ブレット・トレインの天パのTのレビュー・感想・評価

ブレット・トレイン(2022年製作の映画)
3.5
新幹線風(東京発京都行き笑)の電車に乗り、とあるスーツケースを奪って途中下車するという簡単なもののはずだったが、電車を降りたくてもどんどん邪魔者(殺し屋)が現れて降りられない……こんな感じのことをひたすら2時間繰り返す映画だ。
ツッコミどころは色んなところにあるが、それを真面目に観て心を悩ませるのでは、この作品の正しい見方とは言えない。むしろそれを楽しみながら、時間が過ぎるのを待とう。そういう意気込みで観るべきだ。基本コメディで、生身の人間が走ってる新幹線の車体に捕まるなど台詞だけでなく映像でも「そんなわけあるかい」と笑ってしまう。ちょっと時代錯誤の笑いの取り方もあったけど(日本人なのにお辞儀しないのかよって発言とか、LGBTQネタとか、自分はそんなに気にならなかったけど人を選ぶかも)。
日本人としては、ツッコミどころは海外が描くヘンテコな日本なわけだが、そこは意外にも、ほとんどの場面が新幹線(っぽい架空の電車"ゆかり号")の中で繰り広げられるから、個人的にはそんなに気にならなかった。ただ、変な場所に富士山があったりとか、新幹線の駅なのに静岡の駅ぐらいショボかったりとか、そんな感じでトンデモ日本をツッコむことができるシーンはちゃんと沢山出てくるから乞うご期待。

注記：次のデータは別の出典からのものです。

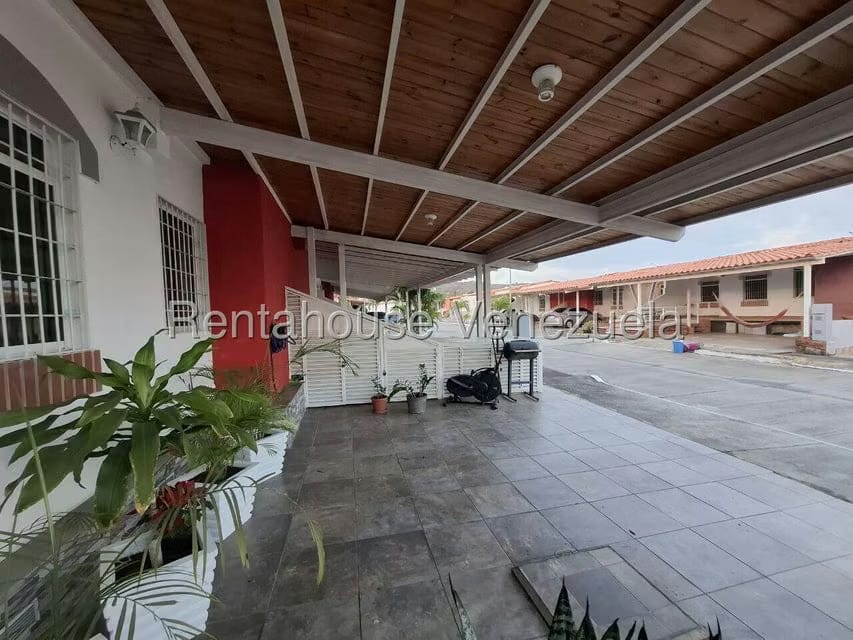 Casa (1 Nivel) en Venta en Los Cerezos, Lara - 4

ほぼ車内で繰り広げられるアクションは、狭い世界観の中でバリエーションが沢山あり、楽しい。『デッドプール2』の監督作品だけあって、R15で、暴力描写もデッドプール寄りのポップなグロさ。
また、東京から発車して京都に着くまで、東海道新幹線の各駅にちゃんと停車するのだが、その度に新しいキャラクターが乗ってきて死闘を繰り広げる、このスタイルは面白かった。この感じは本当にこの作品ならではの楽しさだったな。
ただ、やっぱりひたすら車内で殴る蹴る流血する、なのでちょっと飽きて時間を感じるスキは多かったかな…同じようなシーンも多く感じた。あとクライマックスの、ああやっぱ電車が舞台だからこうなるよねー、なシーンはCGが結構ひどい。

とんでもなくヒドイ映画(繰り返すが必ずしも悪い意味ではない)だが、なんとなく刺激欲しいなーと思うときに観るのがオススメ。